Setup steps (EKS access entry + sample app + Webhook pipeline)

Enable Control Plane Logging

Required for DevOps Agent to analyze EKS audit logs.

Terminal

aws eks update-cluster-config \
  --name eks-sandbox \
  --logging '{"clusterLogging":[{"types":["api","audit","authenticator","controllerManager","scheduler"],"enabled":true}]}' \
  --region ap-northeast-1

Create EKS Access Entry

Associate the Agent Space role (DevOpsAgentRole-AgentSpace) with AmazonAIOpsAssistantPolicy. This grants DevOps Agent read-only kubectl access.

Prerequisite: the EKS cluster's authentication mode must include the EKS API (API or API_AND_CONFIG_MAP). Check the Access tab in the EKS console. If the mode is CONFIG_MAP only, change it before proceeding.

Terminal

# Create access entry
aws eks create-access-entry \
  --cluster-name eks-sandbox \
  --principal-arn arn:aws:iam::<account-id>:role/DevOpsAgentRole-AgentSpace \
  --region ap-northeast-1
 
# Associate AmazonAIOpsAssistantPolicy
aws eks associate-access-policy \
  --cluster-name eks-sandbox \
  --principal-arn arn:aws:iam::<account-id>:role/DevOpsAgentRole-AgentSpace \
  --policy-arn arn:aws:eks::aws:cluster-access-policy/AmazonAIOpsAssistantPolicy \
  --access-scope '{"type":"cluster"}' \
  --region ap-northeast-1

The key is AmazonAIOpsAssistantPolicy — a DevOps Agent-specific read-only access policy that allows describing resources, retrieving pod logs, and inspecting cluster events, but cannot create, modify, or delete any resources.

Deploy Sample Application

Using the Containers Retail Store Sample Application with five microservices: UI, Catalog, Cart, Orders, and Checkout.

Terminal

kubectl apply -f https://github.com/aws-containers/retail-store-sample-app/releases/latest/download/kubernetes.yaml
kubectl wait --for=condition=available deployments --all --timeout=180s
kubectl annotate svc ui service.beta.kubernetes.io/aws-load-balancer-scheme=internet-facing --overwrite

Webhook Auto-Investigation Pipeline

We configured the Route 53 health check → CloudWatch Alarm → SNS → Lambda → Webhook pipeline from Part 5 against the UI service's NLB endpoint.
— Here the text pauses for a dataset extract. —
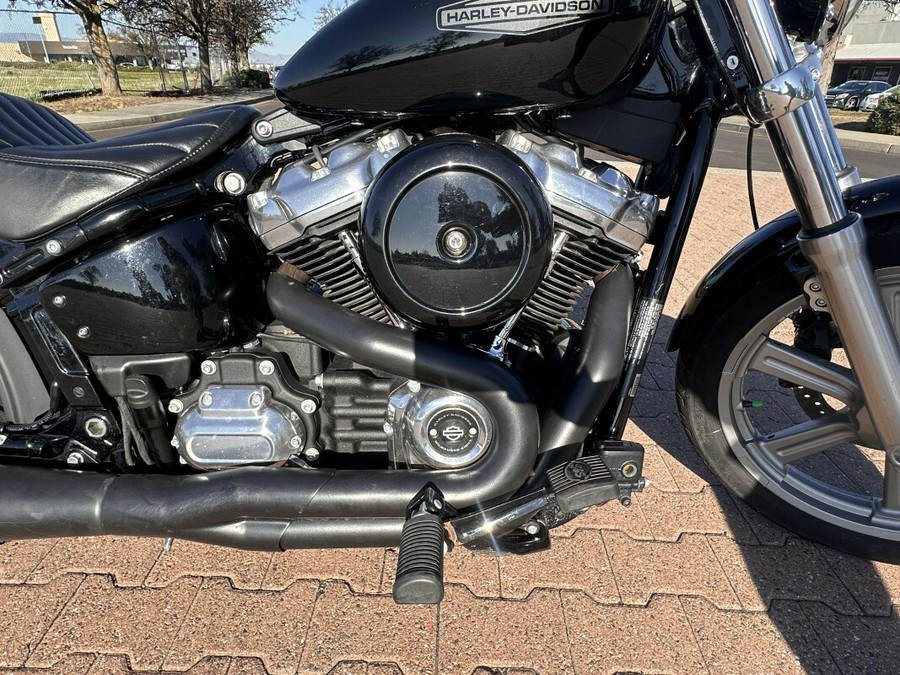 FXST 2022 Softail Standard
See Part 5 for HMAC signature implementation details.

Learned Topology

After setup, we checked the Learned Topology in the Operator App's Topology tab.
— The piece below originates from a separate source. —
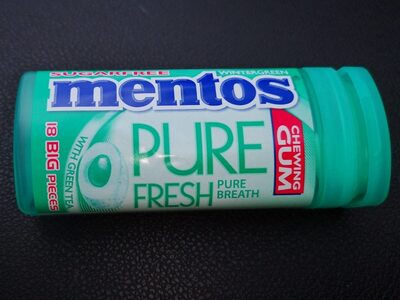 Winter Green Mentos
DevOps Agent automatically discovers Kubernetes objects and builds a graph of their relationships. In our environment, the following objects were detected:

Namespace: default, kube-system
Deployment: ui, catalog, carts, checkout, orders, coredns, etc.
ReplicaSet: corresponding to each Deployment
Pod: created by each ReplicaSet
Service: ui (LoadBalancer), catalog, carts, checkout, orders (ClusterIP)
StatefulSet: catalog-mysql, orders-postgresql, orders-rabbitmq

This graph determines how the agent traverses dependency chains during incident investigation. In Verification 1, we can observe the agent following this graph from Route 53 → NLB → Service → Deployment → Pod.
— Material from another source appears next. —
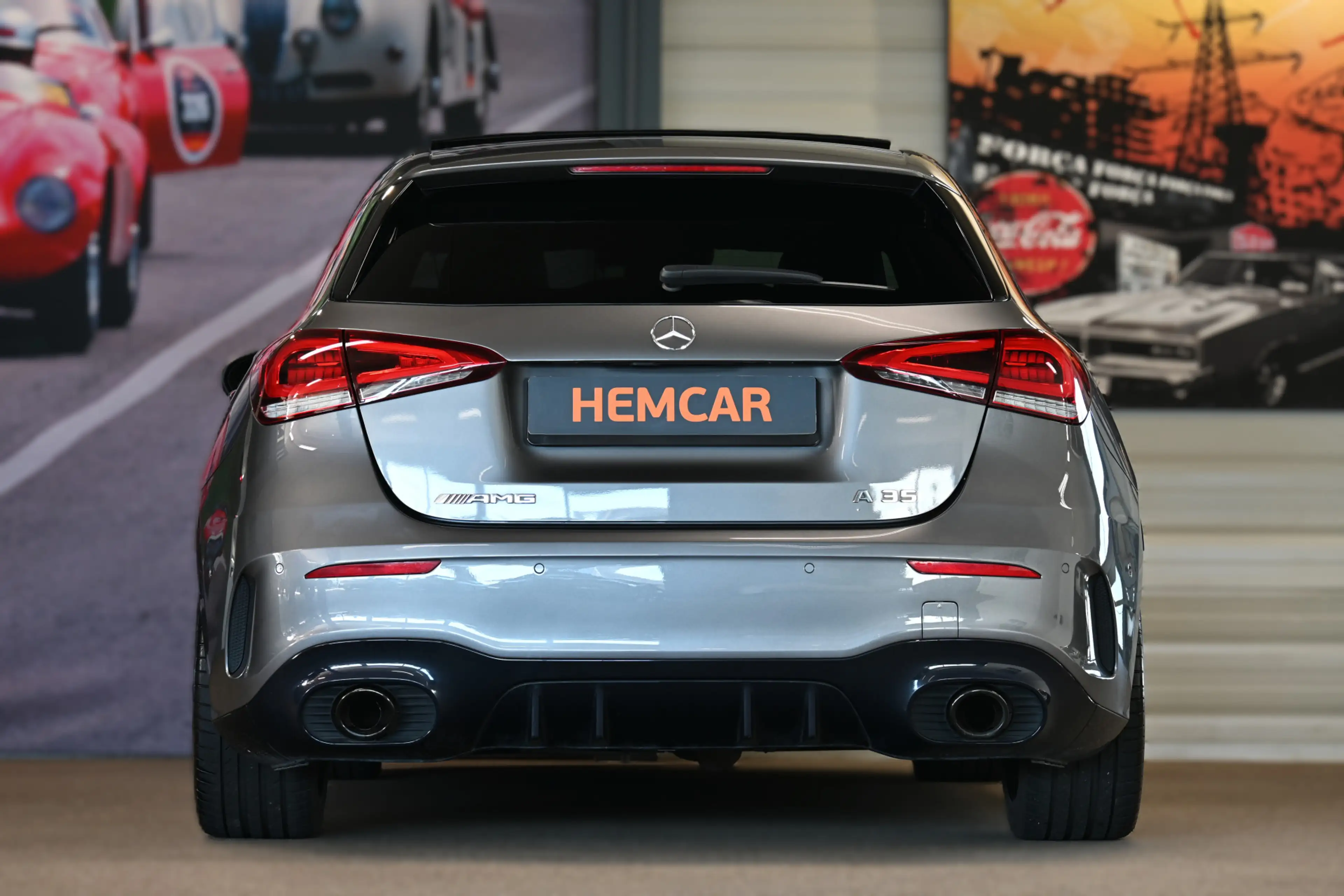 Mercedes-Benz A 35 AMG 4MATIC Advantage — photo 39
Verification 1: Application Failure Root Cause Identification

Scale the UI Deployment to 0 replicas and verify the end-to-end flow from Route 53 health check failure through the auto-investigation pipeline.

Fault Injection

Terminal

kubectl scale deployment ui --replicas=0

Timeline

Event	Time (JST)	Elapsed
Fault injection	22:58:30	0:00
CloudWatch Alarm → ALARM	23:02:27	+3:57
Webhook 200 OK → investigation triggered	23:04:00	+5:30
DevOps Agent investigation started	23:05:02	+6:32
DevOps Agent investigation completed	23:10:05	+11:35

About 4 minutes from fault injection to alarm transition (Route 53 health check interval 30s × failure threshold 2 + CloudWatch evaluation period 60s × 2). The auto-pipeline's first execution (Alarm → SNS → Lambda) returned 403 due to an HMAC signature implementation error. Per the official Webhook signature specification, the correct implementation requires:

Header name: x-amzn-event-signature (not x-webhook-signature)
Signature input: ${timestamp}:${payload} concatenated string
Encoding: base64 (not hex)
Timestamp header: x-amzn-event-timestamp is required

After fixing the Lambda, a manual test invocation returned 200 OK and triggered the agent's investigation. The investigation itself completed in about 5 minutes.

Agent's Investigation Process

The agent took a top-down approach, drilling from external endpoints to internal resources.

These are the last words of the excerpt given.